Profiling R
===========

Installation:
#############
Dependency:PAPI
===============
The PAPI library is used for measuring hardware performance counters. Our experiments require this library be installed for profiling R. More about PAPI can be found in http://icl.cs.utk.edu/papi/index.html.

1. Untar "papi-5.3.0.tar.gz"
2. Follow the instructions in the INSTALL.txt file to compile and install PAPI into a folder of your choice. Use the --prefix option in ./configure to specify a folder of your choice.

Changes to R source code:
========================
1. Untar "R-3.0.2.tar.gz".
2. Apply the patch "profilingR.patch" to "R-3.0.2" folder just untarred. To do so, cd to the untarred folder and use the command - "patch -p1 < profilingR.patch"
3. Modify the file "Makefile.in" in "R-3.0.2/src/main". Modify the placeholder <PAPI INSTALL FOLDER> to your PAPI installation folder in the following variables.
	(a) PAPI_CPPFLAGS
	(b) PAPI_LIBS
4. Follow the instructions in the INSTALL file in the "R-3.0.2" folder to compile and install R into a folder of your choice. 

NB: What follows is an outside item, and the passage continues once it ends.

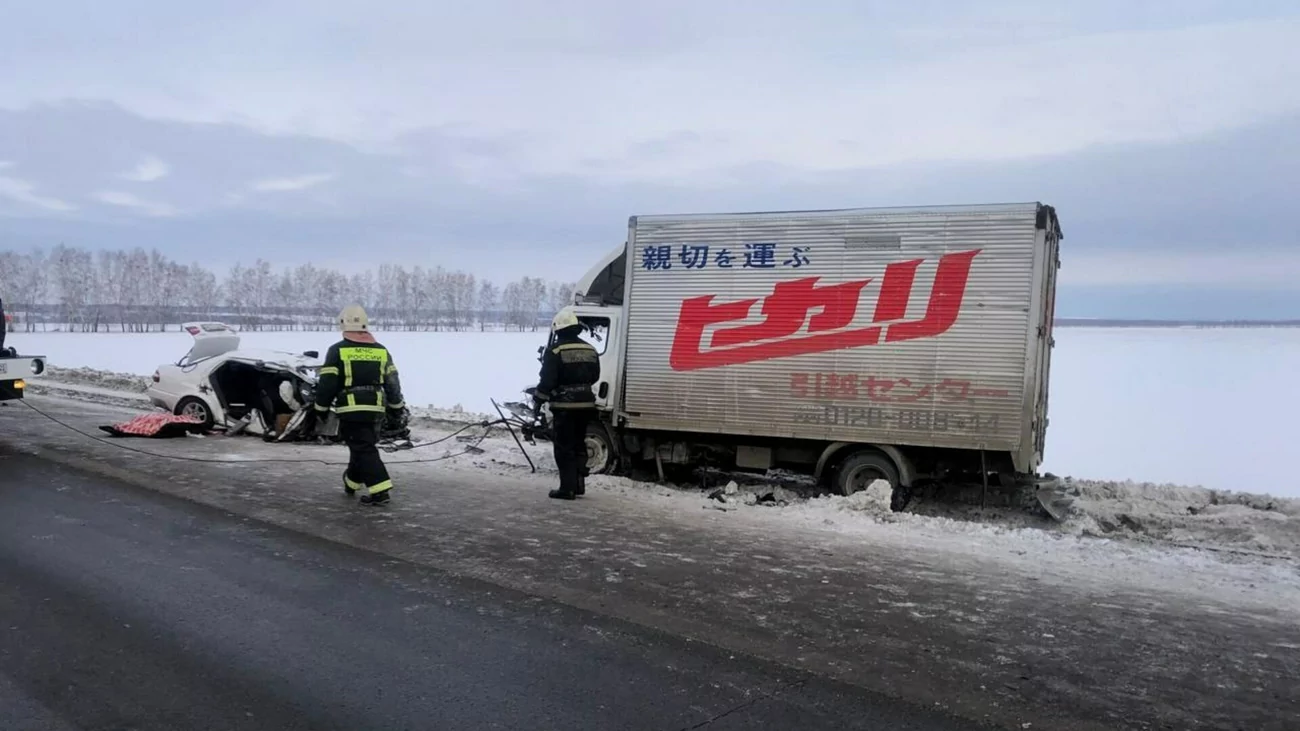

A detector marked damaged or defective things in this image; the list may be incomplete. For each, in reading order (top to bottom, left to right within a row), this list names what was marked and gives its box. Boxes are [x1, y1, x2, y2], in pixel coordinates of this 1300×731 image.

white damaged car [143, 321, 321, 434]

Details on the R source code changes:
-------------------------------------
1. The file "main.c" under "R-3.0.2/src/main/" folder has been modified at the "eval" location of the Read-Eval-Print-Loop to profile 2 performance counters using PAPI. These performance counters can be changed based on the micro-architecture to profile the required events.
2. The file "Makefile.in" has been modified to include the PAPI libraries.


Running Experiments:
###################
For profiling, just run R using <R SOURCE LOCATION>/bin/R. The interpreter will open up. Any line of R source code you type in will be profiled and the performance counters will be printed. 

The list of performance counters used in the paper are provided in the file "performance events - Nehalem". The file "main.c" under "R-3.0.2/src/main" folder can be modified with these events to profile a different set of events.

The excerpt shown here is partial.